Pennsylvania, 1977 (Thirty Years Ago)524Please respect copyright.PENANAywAxqpqcTB
Note: Audrey Clay's Viewpoints
They lay dead.
Blood everywhere, pooling the ground beneath me. I was sitting on the ground, just crying. Things happened so fast. There was blood in my face and clothes, but I did not care. I was so tired to move. I cannot move any muscle. I have no strength to move. I am defenseless.
My friends and I were defenseless. Including, especially, my mother.
Why did we even play this game? I do not know. I have no idea that playing this game was dangerous. Is that how really dangerous it is to play it? Or perhaps just to us?
Before I could think further, I already saw nothing. Everything turned black as though I was trapped in a pitch-black room.
Maybe I really am trapped. Trapped to the nothingness of my heart and mind.
All I saw was nothingness. But there was one thing I am pretty sure at that time. All of this was my fault. I provoked them to play this game. I was the one who persisted and cause the danger.
Me.
I.
Myself.
Nothing or no one else.
All of this was my fault. And I know for sure that I will take this forever. Forever it is stuck in my mind and heart. It felt like the weight of the world was on both shoulders, and I got no one to pass it on.
No one. Just me.
* * *
A blinding light greeted my eyes as soon as I opened them. And because of the blinding, hurting light, I made my lids come down again, closing my eyes.
That was when I realized that I was in a hospital room. I looked around and saw my cousin. He is the only one I have now, including his parents. And I cannot go back to my house.
I can never. All the memories stuck and made in that house were just going to keep haunting me. That is for sure.
He caught me staring and smiled sympathetically at me. "You are awake," he spoke. Then, he approached me and pulled the chair beside the bed I was lying on.
All along, I cannot find my voice. I forced myself to speak lately. I need to know what really happened to my friends and mother. If they were still really and maybe alive. There could be a possibility, right? They can still be alive since I was not there when they were stabbed, so I definitely do not know what really happened and how it really happened.

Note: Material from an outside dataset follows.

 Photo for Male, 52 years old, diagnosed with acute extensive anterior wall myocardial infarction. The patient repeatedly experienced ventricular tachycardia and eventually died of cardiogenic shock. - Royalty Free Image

Right? Right? Please, please, please. I hope they are still alive.
"Where are they?" I croaked out, struggling at every word after thousands of thoughts tirelessly running on my mind. Please, please. Tell me they are still alive, I begged, thinking.
He sighed, then regarded me, sympathetically. "I am sorry." He commenced crying. "They are already dead. They were stabbed, right? And unfortunately, they did not survive it." He sobbed and shook his head. "I can't believe that Aunt is already dead. She is already dead. Whoever killed her was going to pay, I am pretty sure."

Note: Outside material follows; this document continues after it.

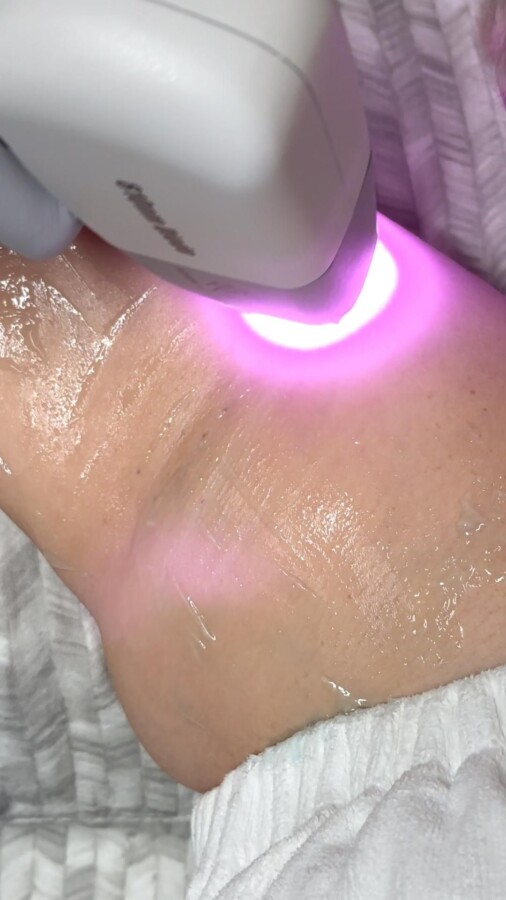 Préparation peau épilation laser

His words hit me. I am the one who did it all. Not the one who specifically killed them, but since they got killed because of me, it was almost the same thing. And I will never, ever forgive myself for it.
"What is it?" asked Dre. "You seemed quiet, all of a sudden." He frowned in confusion, looking at me from the chair where he was perching comfortably.
I shook my head. "Nope. Just..." I paused, looking away. "Something." Perhaps I should tell them, right? I knew I should. I should tell them, so they will know how everything happened and they will help me to catch that monster who killed and stabbed them.
Right! But I do not really sound happy. Internally, very, very deep inside me, I am really sad, left, lost — lost in my thoughts, and missing many things — no, a person. People. I am missing mattering people.
I sighed and looked at him again. "Dre?" I summoned. Maybe I should ask him, piece by piece, so he would not be surprised and not believe me, telling me I am losing my marbles. Probably give him some clues or something like that. Like, use any subjects that were as unbelievable as my story.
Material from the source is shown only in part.